*** Given records ***

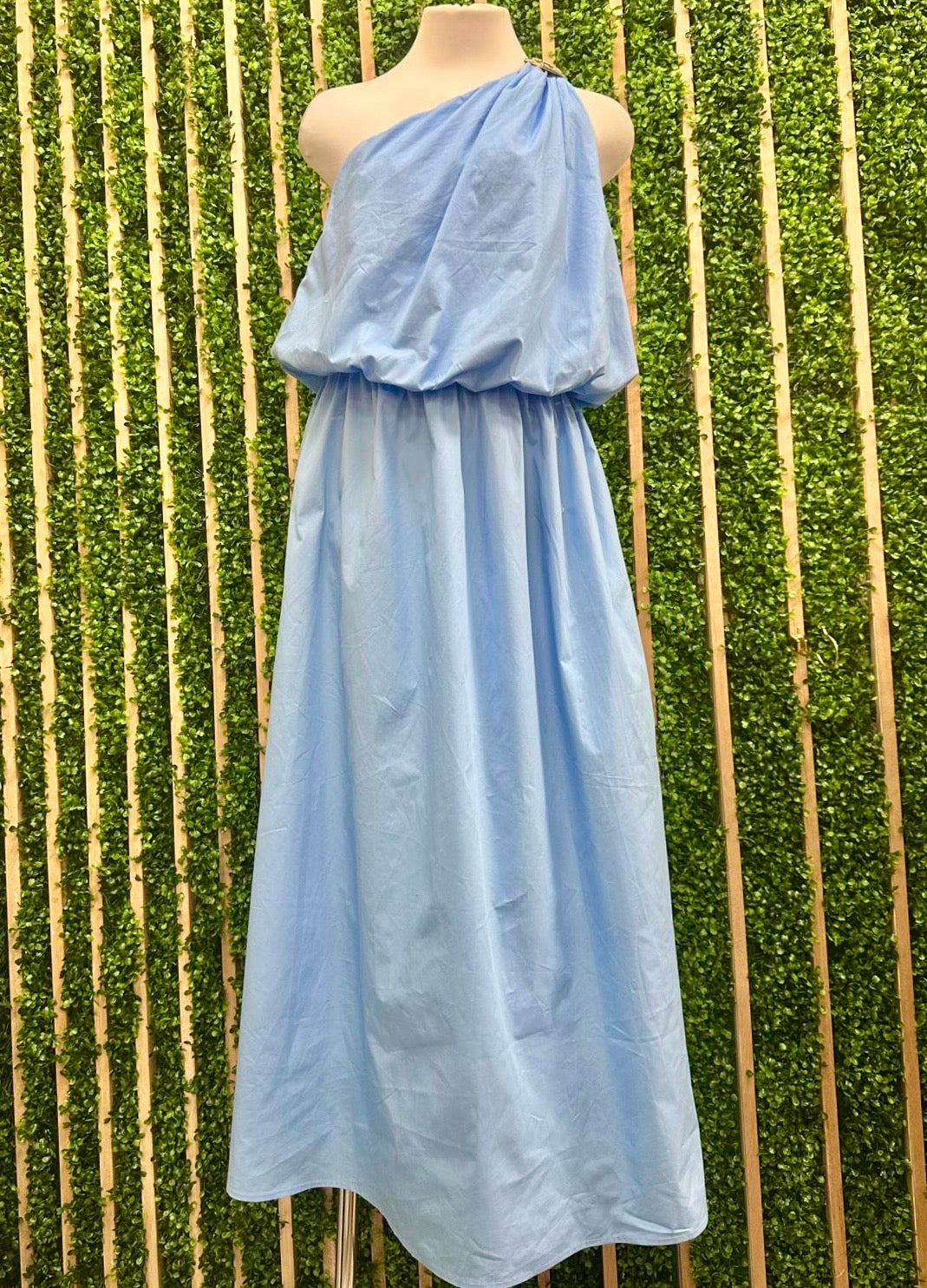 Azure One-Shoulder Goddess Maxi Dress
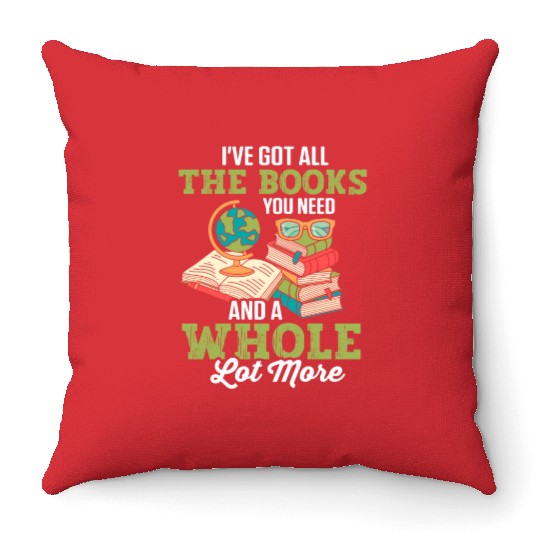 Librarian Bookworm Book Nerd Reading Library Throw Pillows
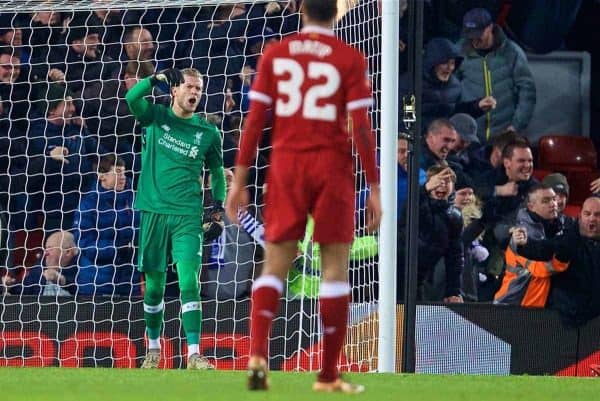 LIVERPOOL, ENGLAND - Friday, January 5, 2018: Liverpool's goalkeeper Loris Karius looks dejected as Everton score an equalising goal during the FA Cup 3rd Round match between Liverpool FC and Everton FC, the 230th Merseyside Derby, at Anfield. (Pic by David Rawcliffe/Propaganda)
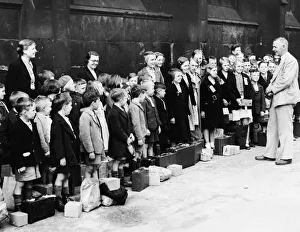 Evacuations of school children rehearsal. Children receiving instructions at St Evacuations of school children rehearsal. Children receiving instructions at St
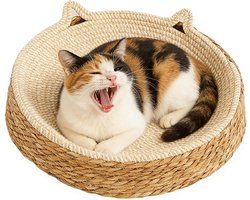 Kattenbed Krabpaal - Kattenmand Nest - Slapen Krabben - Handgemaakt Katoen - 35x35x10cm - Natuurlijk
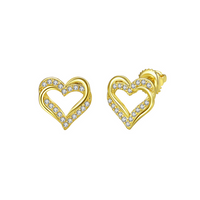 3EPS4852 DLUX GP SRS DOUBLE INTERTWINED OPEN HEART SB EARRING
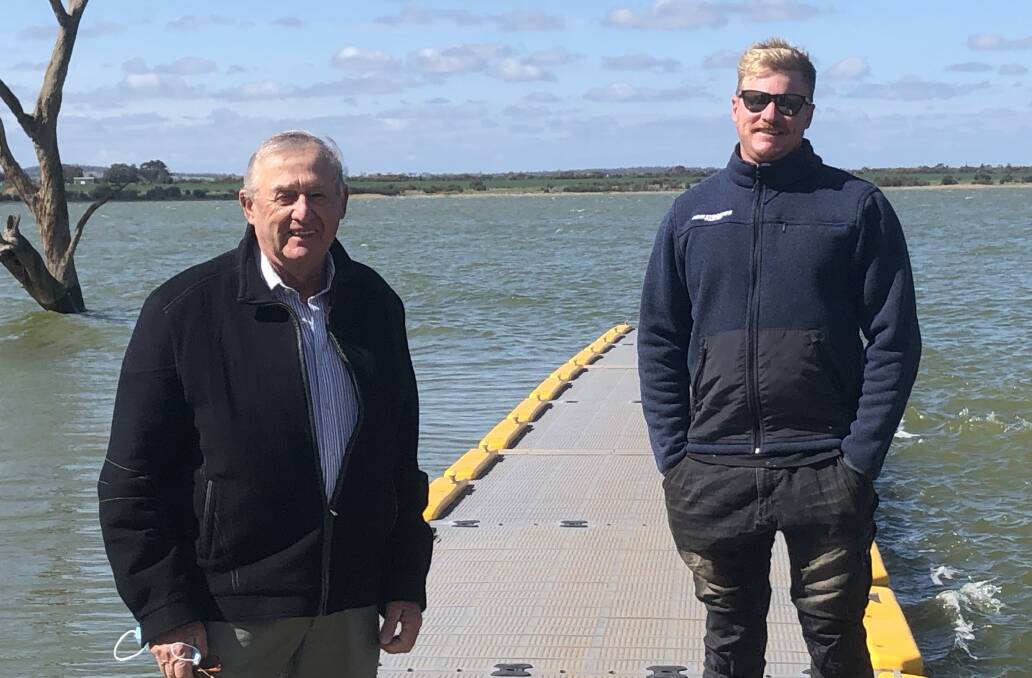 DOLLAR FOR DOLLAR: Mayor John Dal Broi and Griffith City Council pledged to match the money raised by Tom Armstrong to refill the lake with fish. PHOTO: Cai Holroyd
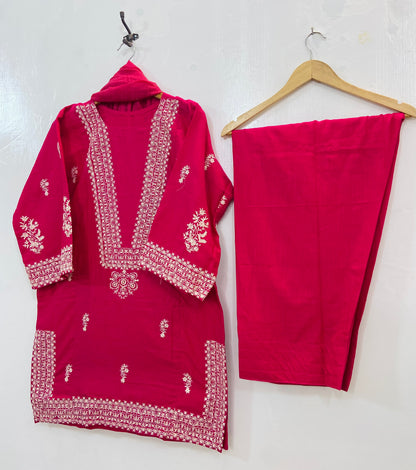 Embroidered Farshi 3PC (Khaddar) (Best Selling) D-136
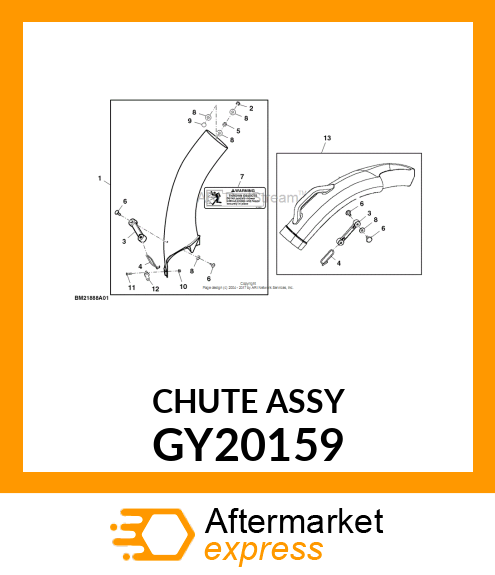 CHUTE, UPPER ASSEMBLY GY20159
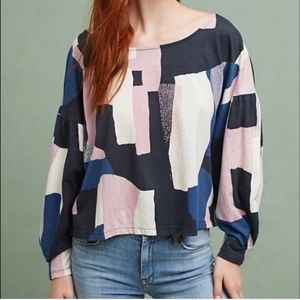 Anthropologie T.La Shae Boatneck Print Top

*** End of Given records ***

Brief:
Look above for the line with "Librarian Bookworm Book" and the line with "CHUTE, UPPER ASSEMBLY GY20159", then copy them and all lines in between exactly as written, and only those, without any pictures.

Result:
 Librarian Bookworm Book Nerd Reading Library Throw Pillows
 LIVERPOOL, ENGLAND - Friday, January 5, 2018: Liverpool's goalkeeper Loris Karius looks dejected as Everton score an equalising goal during the FA Cup 3rd Round match between Liverpool FC and Everton FC, the 230th Merseyside Derby, at Anfield. (Pic by David Rawcliffe/Propaganda)
 Evacuations of school children rehearsal. Children receiving instructions at St Evacuations of school children rehearsal. Children receiving instructions at St
 Kattenbed Krabpaal - Kattenmand Nest - Slapen Krabben - Handgemaakt Katoen - 35x35x10cm - Natuurlijk
 3EPS4852 DLUX GP SRS DOUBLE INTERTWINED OPEN HEART SB EARRING
 DOLLAR FOR DOLLAR: Mayor John Dal Broi and Griffith City Council pledged to match the money raised by Tom Armstrong to refill the lake with fish. PHOTO: Cai Holroyd
 Embroidered Farshi 3PC (Khaddar) (Best Selling) D-136
 CHUTE, UPPER ASSEMBLY GY20159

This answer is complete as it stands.